CHAPTER 1 – INTRODUCTION | REINDEER | NETWORKS
The most comprehensive account of the St. Matthew Island reindeer was written by David R. Klein of the Alaska Cooperative Wildlife Research Unit at the University of Alaska. He attributes the reindeer collapse to overconsumption as well as an extremely harsh winter in 1963–1964. See “The Introduction, Increase, and Crash of Reindeer on St. Matthew Island,” Journal of Wildlife Management 32, no. 2 (1968): 350–367. A more recent review of the lichen in the area is provided in Stephen S. Talbot, Sandra Looman Talbot, John W. Thomson, and Wilfred B. Schofield, “Lichens from St. Matthew and St. Paul Islands, Bering Sea, Alaska,” Bryologist 104, no. 1 (2001): 47–58.
There has been some recent debate among scientists as to which had a greater impact, the weather or the reindeer population, but the general consensus continues to be that the reindeer over-consumed and overshot their environment. For a contrary viewpoint, see the November–December 2009 article in Weatherwise, “What Killed the Reindeer of Saint Matthew Island?,” by David Klein, John Walsh, and Martha Shulski.
Robert F. Bruner states in Deals from Hell: M&A Lessons That Rise above the Ashes that only 13 percent of the 501 companies listed in the NYSE in 1925 still existed in 2004 (Hoboken, N.J.: Wiley, 2005), 1–2. That number is almost certainly lower now.
It should come as no surprise that Darwin plays a central role in most of the theory throughout this book. One of Darwin’s most important points is often either misunderstood or completely ignored. He made it very clear that there is no such thing as “good or bad” when it comes to evolution, stating that “there is a frequently recurring struggle for existence, it follows that any being, if it vary however slightly in any manner profitable to itself, under the complex and sometimes varying conditions of life, will have a better chance of surviving, and thus be naturally selected.” See The Origin of Species: 150th Anniversary Edition (New York: Penguin, 2003), p. 29. People often mistake this thought as a reason to believe that Mother Nature has a hand in what we humans define as progress.

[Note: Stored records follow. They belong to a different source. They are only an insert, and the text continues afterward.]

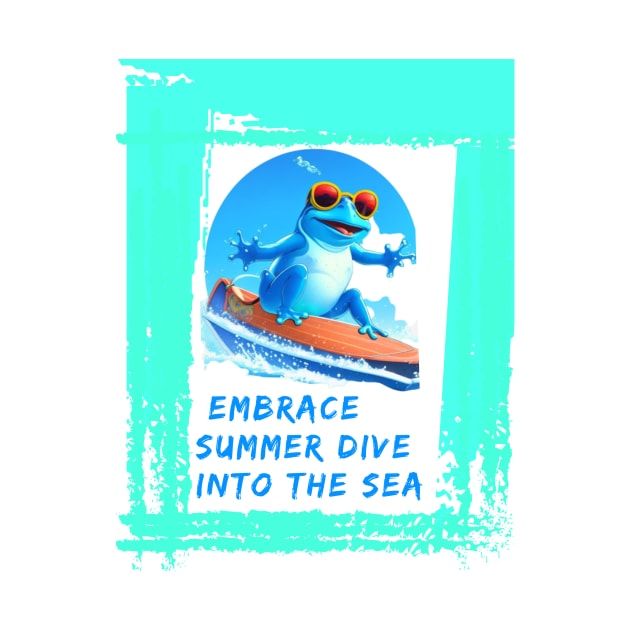 Embrace Summer: Dive into the Sea T-Shirt by MAT JAARAK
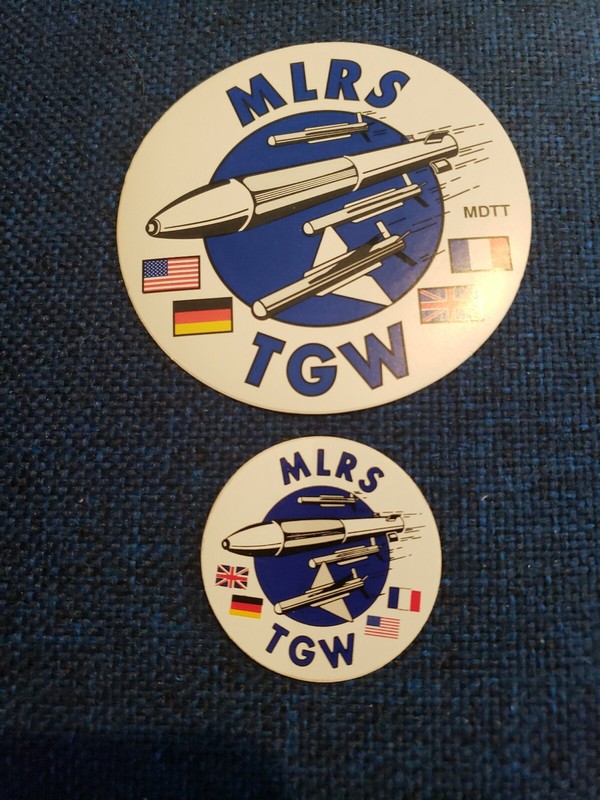 Tank MLRS Rocket Launcher Pair of Decal Stickers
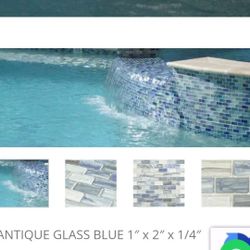 Antique Glass Blue Pool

Stephen Jay Gould eloquently explained this in Full House: The Spread of Excellence from Plato to Darwin (New York: Harmony Books, 1996), p. 63: “Evolution, to us, is a linear series of creatures getting bigger, fancier, or at least better adapted to local environments.” But “natural selection talks only about adaption to changing local environments…no feature of such local adaptation should yield any expectation of general progress.” Gould also noted that written in Darwin’s personal journal were the words “never say higher or lower.”